I pulled my car onto the shoulder and edged it closer, hoping to gawk at him for a minute.
His head swiveled. He saw the car creeping up and tried to fly away. I could see that half of one wing was almost broken off and hanging limply. He couldn’t gain altitude or get far. He landed about five feet below the guard rail on the downward slope of a weedy berm.
Now that he was on the ground away from the busy highway, he was even more vulnerable to predators – raccoons, foxes, great horned owls. I’d made his bad situation worse.
After talking with the woman at DNR, I drove home and assembled the recommended equipment: a cardboard box, a cat bed to cushion the bird, a large beach towel, a pair of leather gloves and a pair of insulated barbecue gloves to put over those.
He hadn’t moved when I returned 25 minutes later. I put the box with the cat bed in it on the ground, donned the two pairs of gloves, unfolded the towel and slowly advanced on him from behind.

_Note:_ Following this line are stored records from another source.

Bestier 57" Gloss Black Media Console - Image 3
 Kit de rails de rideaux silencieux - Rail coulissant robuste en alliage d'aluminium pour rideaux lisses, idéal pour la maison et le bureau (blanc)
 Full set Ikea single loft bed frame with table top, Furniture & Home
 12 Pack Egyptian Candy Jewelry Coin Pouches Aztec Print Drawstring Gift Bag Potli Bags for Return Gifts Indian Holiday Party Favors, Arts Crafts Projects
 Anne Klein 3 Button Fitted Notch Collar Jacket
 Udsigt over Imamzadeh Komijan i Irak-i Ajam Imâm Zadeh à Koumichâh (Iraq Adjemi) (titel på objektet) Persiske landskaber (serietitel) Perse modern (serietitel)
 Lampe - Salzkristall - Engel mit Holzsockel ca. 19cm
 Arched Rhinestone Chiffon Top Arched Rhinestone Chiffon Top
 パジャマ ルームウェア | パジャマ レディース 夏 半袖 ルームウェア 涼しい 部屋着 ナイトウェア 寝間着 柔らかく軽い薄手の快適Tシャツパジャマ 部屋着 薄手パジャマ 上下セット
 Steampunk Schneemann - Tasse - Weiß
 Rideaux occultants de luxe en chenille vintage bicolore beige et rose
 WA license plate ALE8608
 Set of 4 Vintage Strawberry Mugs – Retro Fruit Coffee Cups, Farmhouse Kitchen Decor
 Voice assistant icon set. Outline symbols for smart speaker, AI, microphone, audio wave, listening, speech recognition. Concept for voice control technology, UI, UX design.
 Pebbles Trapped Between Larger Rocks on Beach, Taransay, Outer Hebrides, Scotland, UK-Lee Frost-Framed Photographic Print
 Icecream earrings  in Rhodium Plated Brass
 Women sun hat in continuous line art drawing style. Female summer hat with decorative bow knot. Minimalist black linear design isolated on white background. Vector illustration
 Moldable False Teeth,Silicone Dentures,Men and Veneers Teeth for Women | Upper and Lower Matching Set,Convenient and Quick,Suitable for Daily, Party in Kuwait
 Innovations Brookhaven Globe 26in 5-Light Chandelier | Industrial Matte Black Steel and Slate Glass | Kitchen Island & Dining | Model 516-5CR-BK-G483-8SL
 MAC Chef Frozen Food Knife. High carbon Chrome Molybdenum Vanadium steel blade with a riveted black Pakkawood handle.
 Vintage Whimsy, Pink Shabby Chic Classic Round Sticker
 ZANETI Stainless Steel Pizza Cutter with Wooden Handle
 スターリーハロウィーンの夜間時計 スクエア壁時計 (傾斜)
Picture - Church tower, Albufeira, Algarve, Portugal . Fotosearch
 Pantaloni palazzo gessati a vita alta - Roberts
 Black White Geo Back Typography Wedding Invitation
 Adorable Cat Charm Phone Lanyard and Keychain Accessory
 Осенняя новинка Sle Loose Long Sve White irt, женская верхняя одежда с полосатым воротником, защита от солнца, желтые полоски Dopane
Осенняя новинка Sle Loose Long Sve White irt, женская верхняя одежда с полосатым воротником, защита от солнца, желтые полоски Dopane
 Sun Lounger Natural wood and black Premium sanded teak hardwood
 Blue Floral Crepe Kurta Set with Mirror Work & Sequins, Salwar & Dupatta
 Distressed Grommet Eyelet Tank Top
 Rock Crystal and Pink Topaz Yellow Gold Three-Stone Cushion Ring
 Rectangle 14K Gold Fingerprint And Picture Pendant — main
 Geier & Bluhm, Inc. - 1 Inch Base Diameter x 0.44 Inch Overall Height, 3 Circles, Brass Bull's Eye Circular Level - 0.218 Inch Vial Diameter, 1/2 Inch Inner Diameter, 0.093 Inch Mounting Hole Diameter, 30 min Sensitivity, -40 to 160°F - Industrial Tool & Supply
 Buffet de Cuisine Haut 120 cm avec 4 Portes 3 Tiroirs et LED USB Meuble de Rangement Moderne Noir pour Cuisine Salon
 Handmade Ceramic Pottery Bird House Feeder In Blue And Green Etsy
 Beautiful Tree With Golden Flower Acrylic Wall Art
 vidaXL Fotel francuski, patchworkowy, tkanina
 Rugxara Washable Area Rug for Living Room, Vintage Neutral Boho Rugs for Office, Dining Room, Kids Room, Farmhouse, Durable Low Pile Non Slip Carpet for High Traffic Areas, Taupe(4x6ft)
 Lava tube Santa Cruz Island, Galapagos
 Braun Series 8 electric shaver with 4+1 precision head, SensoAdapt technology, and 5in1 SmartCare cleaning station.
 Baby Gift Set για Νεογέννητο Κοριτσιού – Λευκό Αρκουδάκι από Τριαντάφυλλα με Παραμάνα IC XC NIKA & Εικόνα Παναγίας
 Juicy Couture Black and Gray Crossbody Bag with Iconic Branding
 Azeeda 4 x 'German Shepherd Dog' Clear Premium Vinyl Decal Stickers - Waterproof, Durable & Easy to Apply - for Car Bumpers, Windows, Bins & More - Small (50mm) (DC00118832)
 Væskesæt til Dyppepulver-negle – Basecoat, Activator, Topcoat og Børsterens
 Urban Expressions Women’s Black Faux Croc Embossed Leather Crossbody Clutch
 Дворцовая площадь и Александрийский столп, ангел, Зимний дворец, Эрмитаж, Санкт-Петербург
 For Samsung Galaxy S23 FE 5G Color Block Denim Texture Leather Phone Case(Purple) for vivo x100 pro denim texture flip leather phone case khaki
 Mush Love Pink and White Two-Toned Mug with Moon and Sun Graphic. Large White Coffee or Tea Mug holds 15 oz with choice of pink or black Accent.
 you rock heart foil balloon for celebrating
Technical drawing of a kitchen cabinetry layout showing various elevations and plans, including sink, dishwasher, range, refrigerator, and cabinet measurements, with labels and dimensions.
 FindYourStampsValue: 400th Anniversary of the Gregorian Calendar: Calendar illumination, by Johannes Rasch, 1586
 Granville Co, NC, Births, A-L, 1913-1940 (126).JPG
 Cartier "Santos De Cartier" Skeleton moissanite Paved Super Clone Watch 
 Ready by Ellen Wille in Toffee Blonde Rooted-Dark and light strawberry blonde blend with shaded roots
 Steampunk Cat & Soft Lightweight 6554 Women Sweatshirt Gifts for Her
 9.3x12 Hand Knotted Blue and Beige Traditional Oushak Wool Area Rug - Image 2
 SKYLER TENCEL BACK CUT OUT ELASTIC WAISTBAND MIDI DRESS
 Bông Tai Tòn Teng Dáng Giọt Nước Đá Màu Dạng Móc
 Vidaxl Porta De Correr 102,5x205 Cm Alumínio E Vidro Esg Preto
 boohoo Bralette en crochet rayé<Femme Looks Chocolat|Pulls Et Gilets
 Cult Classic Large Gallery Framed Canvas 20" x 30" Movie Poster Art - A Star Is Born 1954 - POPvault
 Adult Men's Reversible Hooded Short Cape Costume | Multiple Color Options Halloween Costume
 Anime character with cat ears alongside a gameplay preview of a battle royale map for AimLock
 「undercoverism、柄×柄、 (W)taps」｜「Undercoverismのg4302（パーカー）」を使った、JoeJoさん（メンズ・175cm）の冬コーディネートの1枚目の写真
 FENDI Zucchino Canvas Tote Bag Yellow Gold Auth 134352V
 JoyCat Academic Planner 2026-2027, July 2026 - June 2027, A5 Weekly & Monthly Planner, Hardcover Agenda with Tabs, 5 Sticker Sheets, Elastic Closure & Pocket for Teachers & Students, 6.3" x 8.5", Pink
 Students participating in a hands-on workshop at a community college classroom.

Again, his head swiveled. He turned his body to face me. With each step I took, his unbroken wing lifted higher, his feathers puffed further out and his beak opened wider in warning. It felt like he was daring me to look down his gullet. I imagined being a small animal struggling under his talons as that sharp point lowered towards its meal.
His yellow eyes never wavered. He showed no fear. He was all threat.
Three feet from him, I froze. Fortunately, the U.S. Army came to the rescue.
A young soldier, seeing a woman on the berm holding a beach towel open on a gray January day, pulled over to find out what I was doing and whether I needed help. He hadn’t seen the hawk. The sight of it impressed him.
Still, this was a combatant he could easily handle.

Still from YouTube
He held the towel in front of him so it shielded his entire body; only his head and his booted feet were visible. The bird ended his threat displays. The soldier slowly stepped closer, talking softly to it, until the two stood toe-to-talon. He dropped the towel. Then he bundled the bird, gently lowered it into the box and placed the box in the back seat of my car. He even strapped the seat belt around the box to keep it from tipping.
It was a half-hour drive to the DNR-designated vet who would take the hawk. The back of my neck prickled the whole way. The bird was secured in a box with a lid weighted down by my purse, but I was nervous. How strong was he? Could he bust out? I imagined the car careening while I flailed my arms as he lunged, screeching, towards my face.
For one moment, his talons had scratched briefly against the box. Other than that, he didn’t make a sound.
The vet discovered that the hawk’s wing wasn’t just broken; it was rotting off. He was too badly injured to be healed. He had to be euthanized.
That hawk was the wildest creature I’ve ever encountered up close, without a thick plate of glass or bars between us. The experience was thrilling and humbling. Even half-dead, boxed up, and much smaller than his captor, he scared me. He showed me what “untamed” means.